Goal of the exercise:
After locating the line with "Local children playing" below, output it and each following line exactly, stopping after the line with "This room features". No pictures.

Provided records:
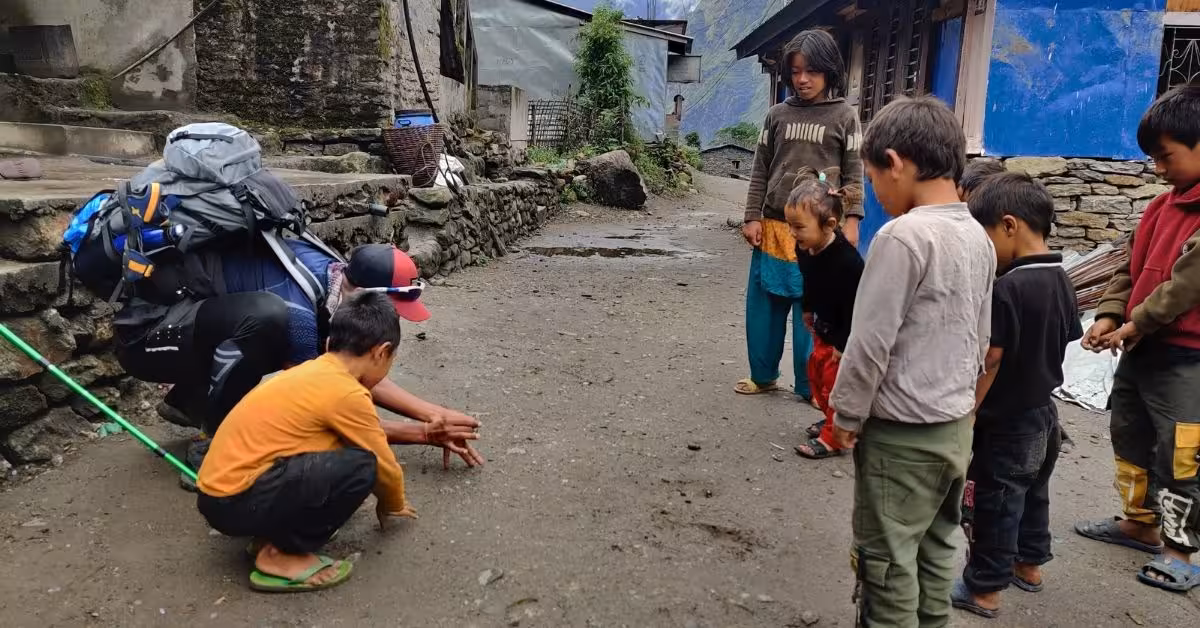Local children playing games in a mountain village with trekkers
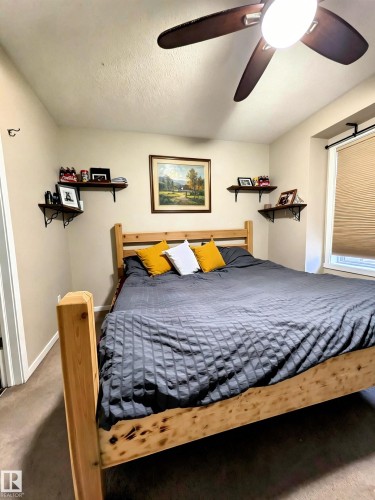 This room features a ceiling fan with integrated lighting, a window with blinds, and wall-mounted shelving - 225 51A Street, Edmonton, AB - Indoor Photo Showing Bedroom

--

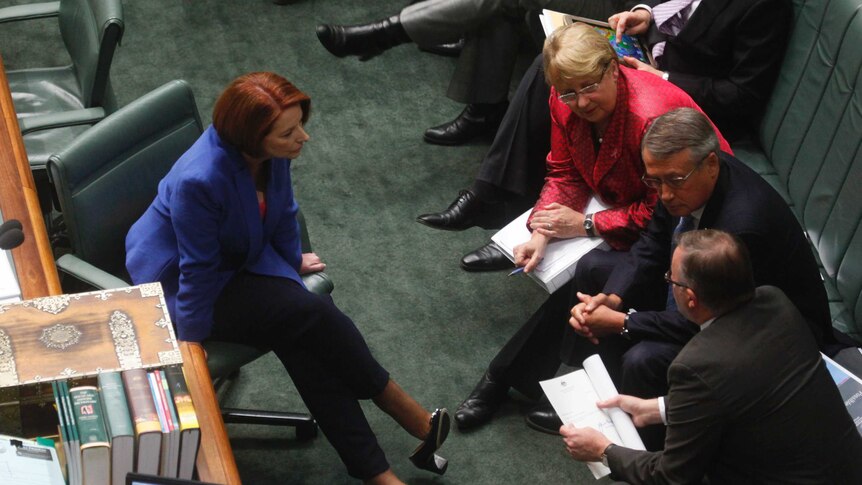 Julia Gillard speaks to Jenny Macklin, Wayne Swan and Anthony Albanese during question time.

...

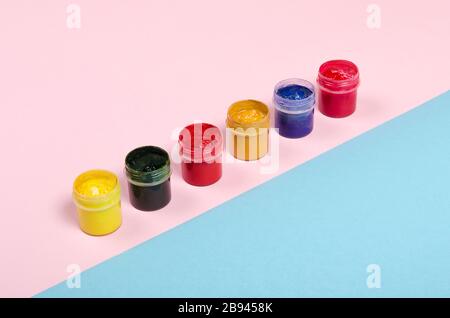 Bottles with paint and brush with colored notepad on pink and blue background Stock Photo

Answer below:
Local children playing games in a mountain village with trekkers
 This room features a ceiling fan with integrated lighting, a window with blinds, and wall-mounted shelving - 225 51A Street, Edmonton, AB - Indoor Photo Showing Bedroom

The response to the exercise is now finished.